WORK REQUIRED. As the output, give exactly the lines that run from the one with "Picture 4 of 8" through the end of the records below, and omit pictures.
TASK DATA below:
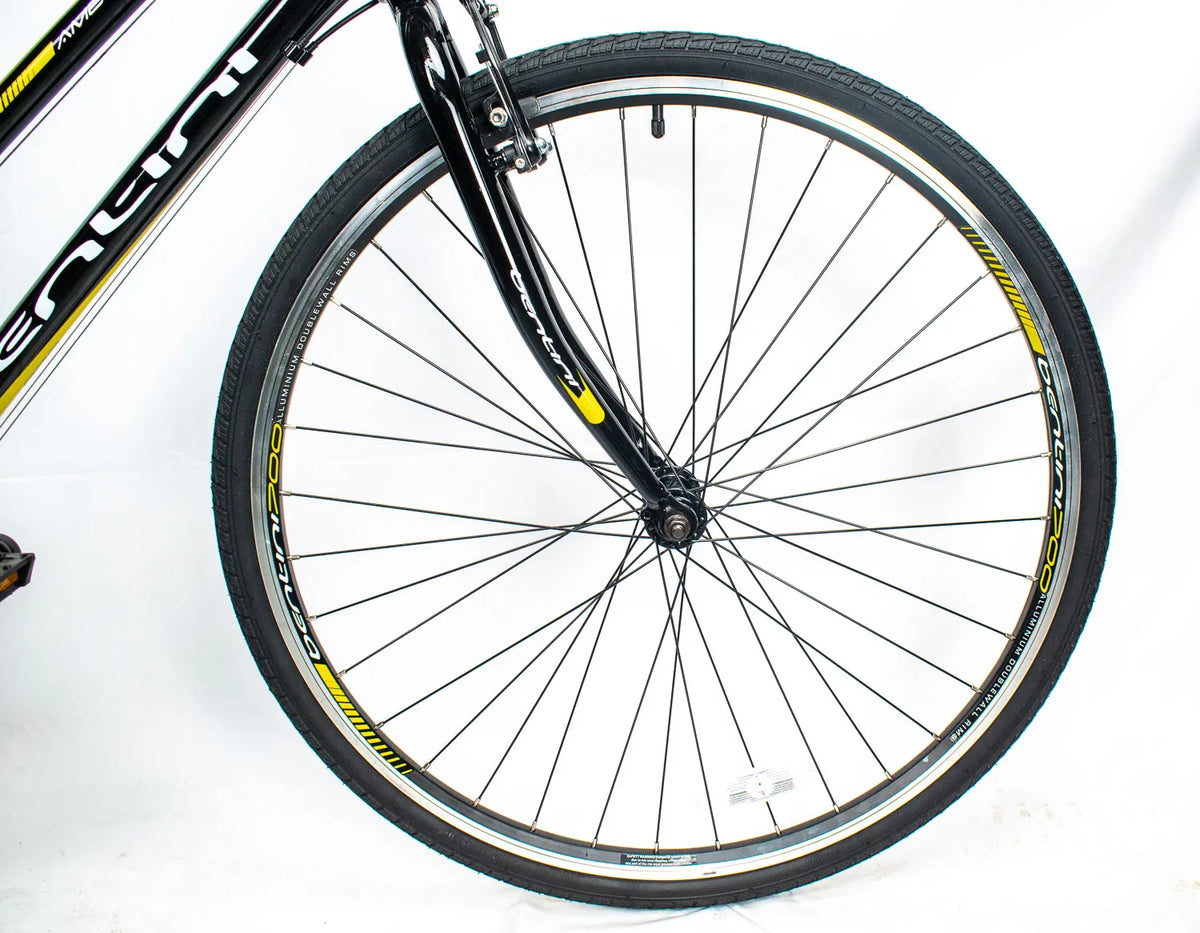 Bentini Ambleside 19" Ladies Trekking Bike - Lightweight Alloy Frame with Shimano 21-Speed Gearing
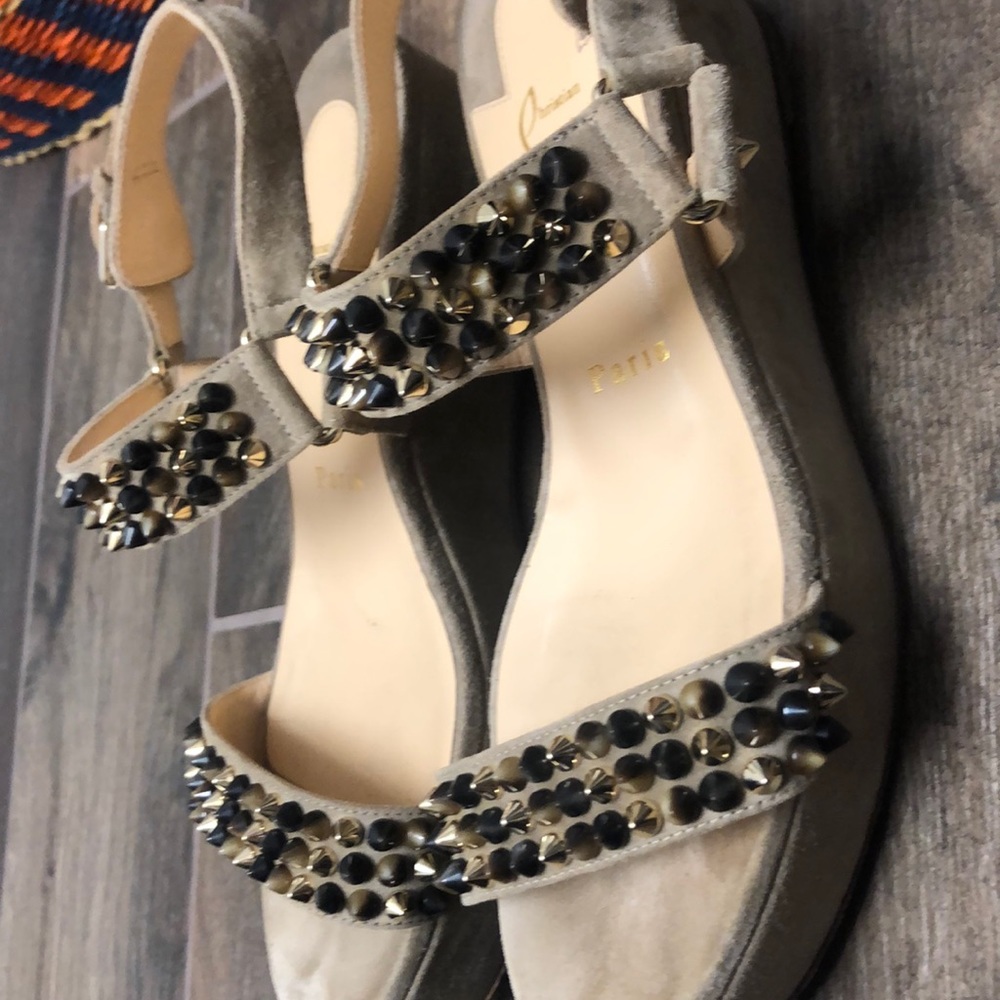 🔥🔥Louboutin suede sandals!🔥🔥 - Picture 4 of 8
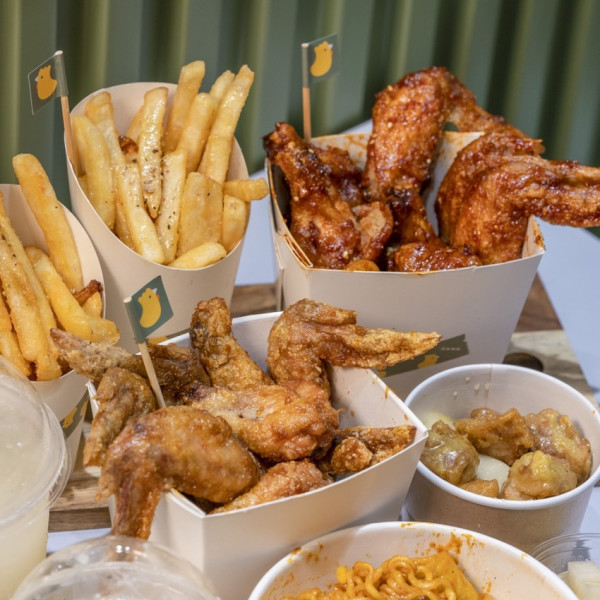 羅東美食 ｜OMO Chicken韓式炸雞專賣店 百元就能吃到道地韓式風味 香辣滋味讓人吮指回味 下午茶宵夜好選擇～ · 算命的說我很愛吃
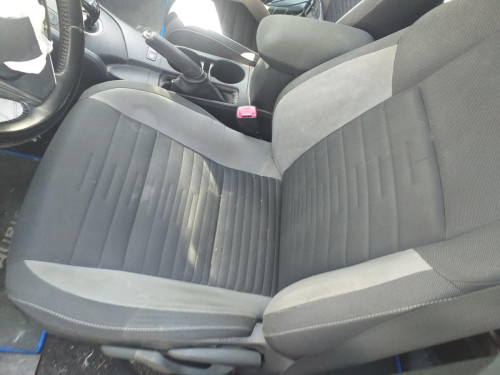 TOYOTA AURIS (E18) — автомобиль-донор на запчасти 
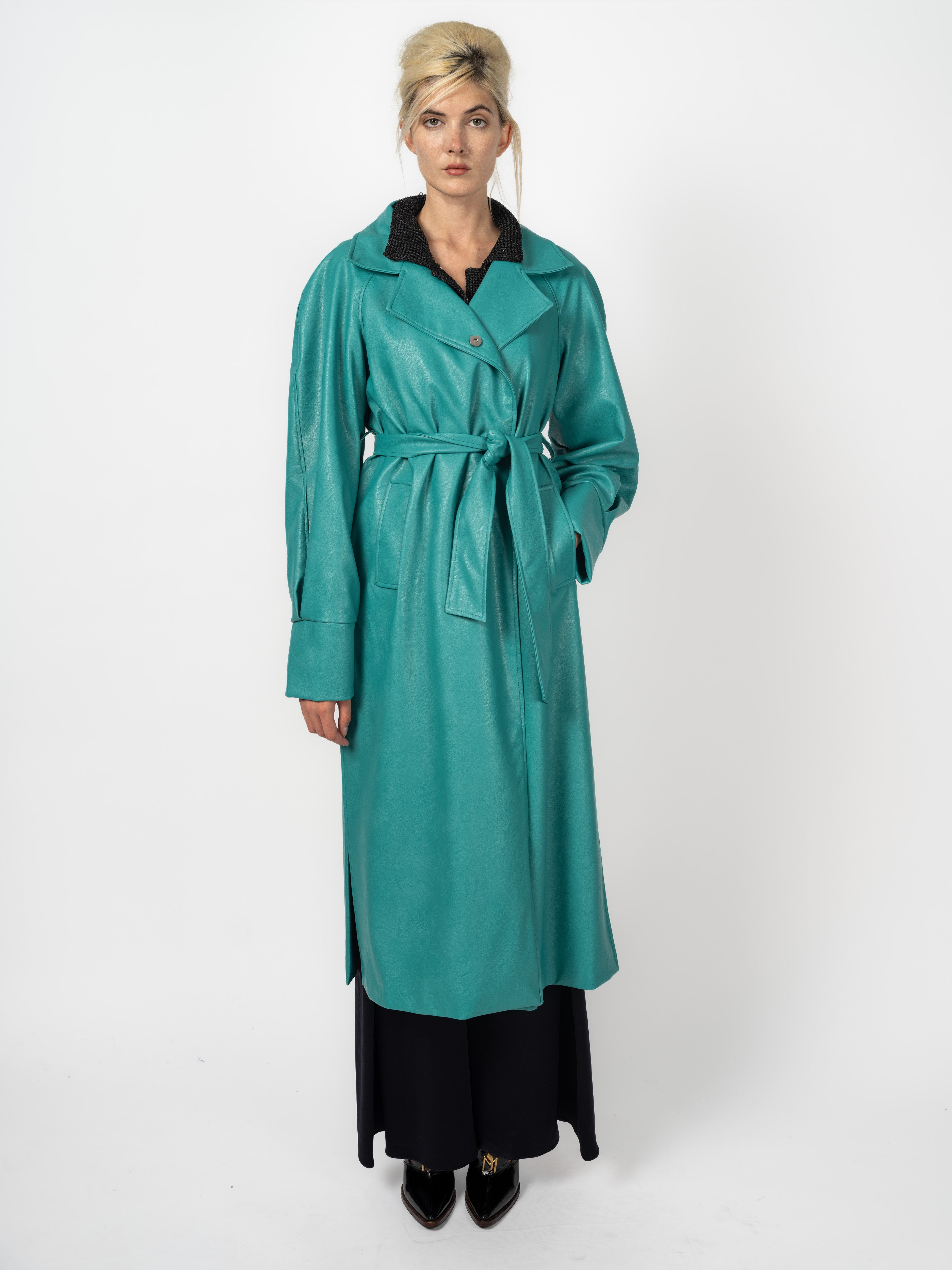 Trenchcoat Türkis aus veganem Leder von Maya Seyferth – Ansicht 3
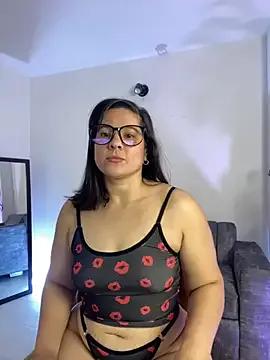 Freechat leiablack on StripChat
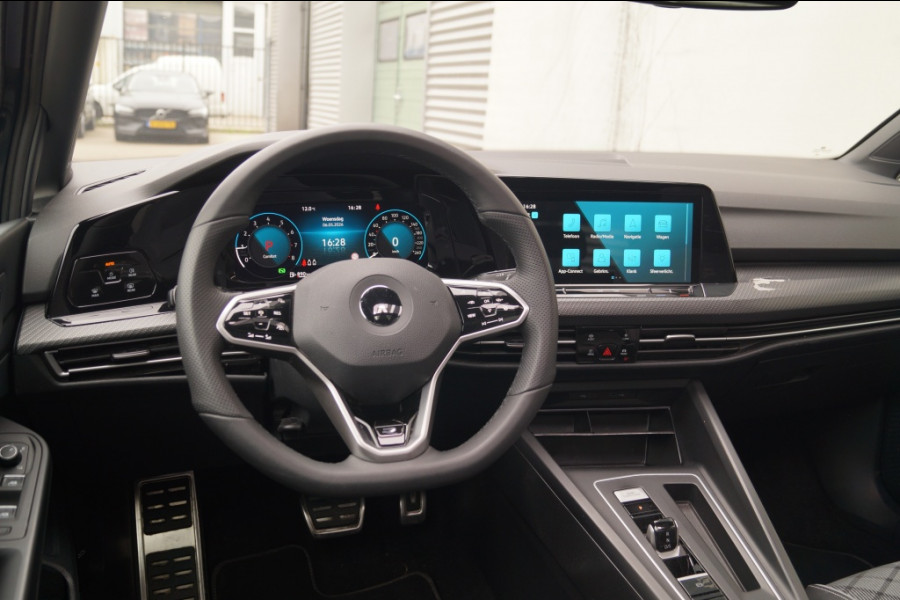 Volkswagen Golf 1.5 eTSI 150pk DSG R-Line -PANO-LED-ECC-CAM-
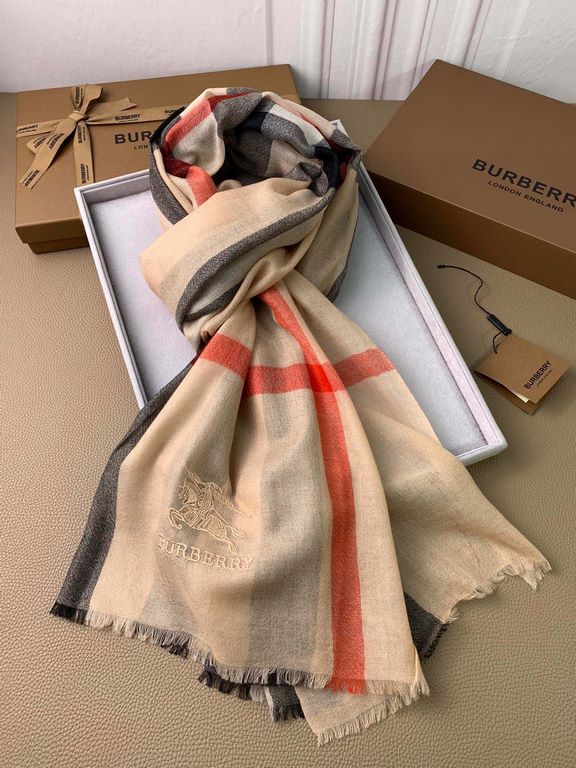 Burberry.[Aqua cashmere four side whiskers 300 count ultra-thin cashmere large plaid] royal big B counter goods! Super beautiful and super thin four side whiskers boutique! Come to take you to see the counter when the ex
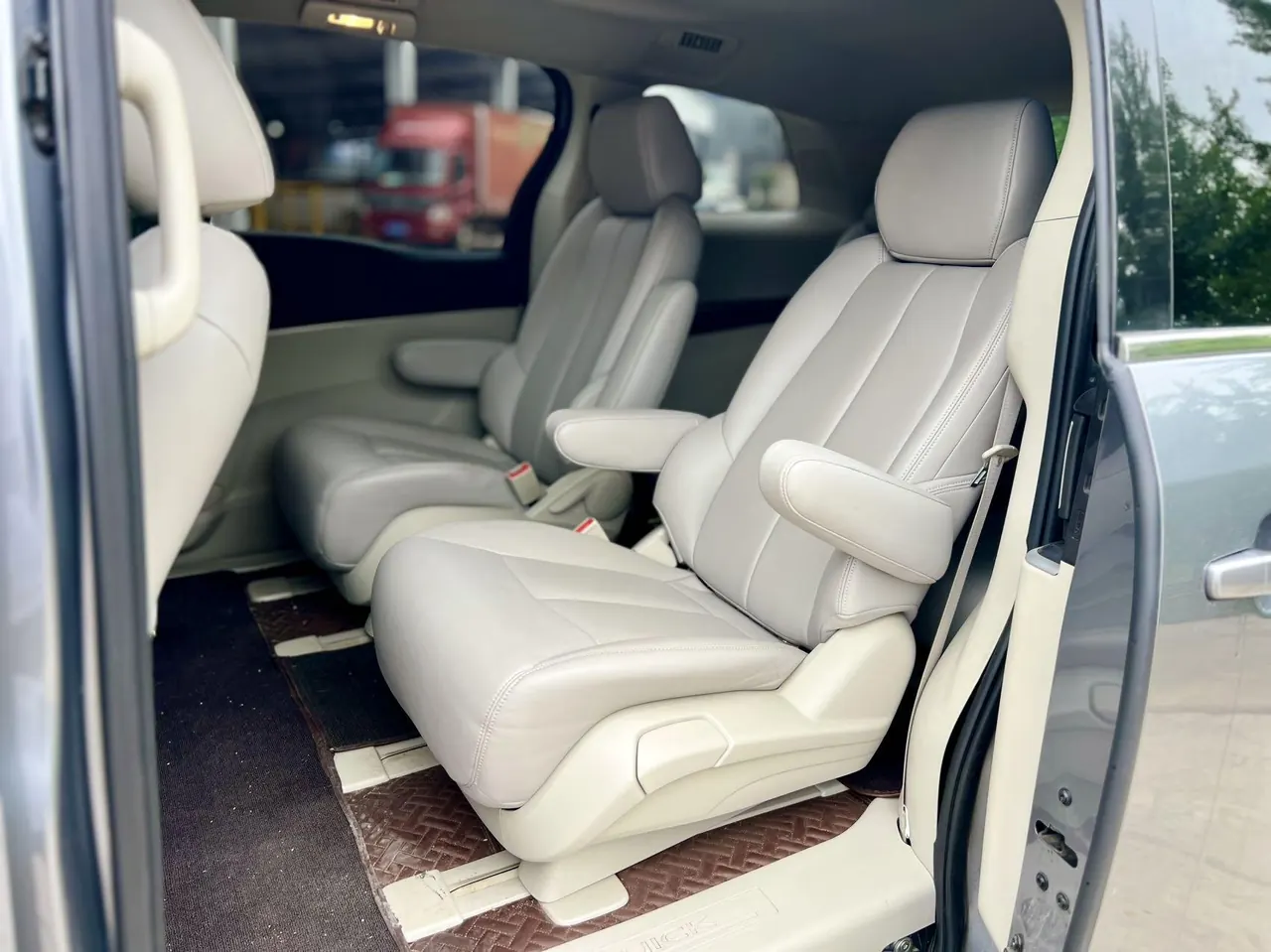 Buick 2021 GL8 Land Business Class 2.0T 652T Comfortable Automatic Gear 8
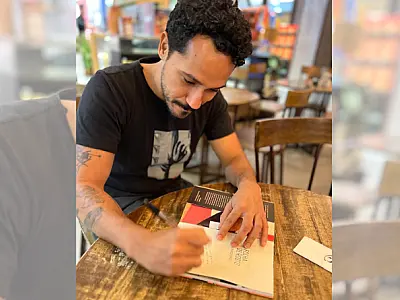 Leonardo Simões lança livro sobre identidade, raça e afeto em tempos políticos conturbados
End of TASK DATA.
SOLUTION TO THIS TASK.
 🔥🔥Louboutin suede sandals!🔥🔥 - Picture 4 of 8
 羅東美食 ｜OMO Chicken韓式炸雞專賣店 百元就能吃到道地韓式風味 香辣滋味讓人吮指回味 下午茶宵夜好選擇～ · 算命的說我很愛吃
 TOYOTA AURIS (E18) — автомобиль-донор на запчасти 
 Trenchcoat Türkis aus veganem Leder von Maya Seyferth – Ansicht 3
 Freechat leiablack on StripChat
 Volkswagen Golf 1.5 eTSI 150pk DSG R-Line -PANO-LED-ECC-CAM-
 Burberry.[Aqua cashmere four side whiskers 300 count ultra-thin cashmere large plaid] royal big B counter goods! Super beautiful and super thin four side whiskers boutique! Come to take you to see the counter when the ex
 Buick 2021 GL8 Land Business Class 2.0T 652T Comfortable Automatic Gear 8
 Leonardo Simões lança livro sobre identidade, raça e afeto em tempos políticos conturbados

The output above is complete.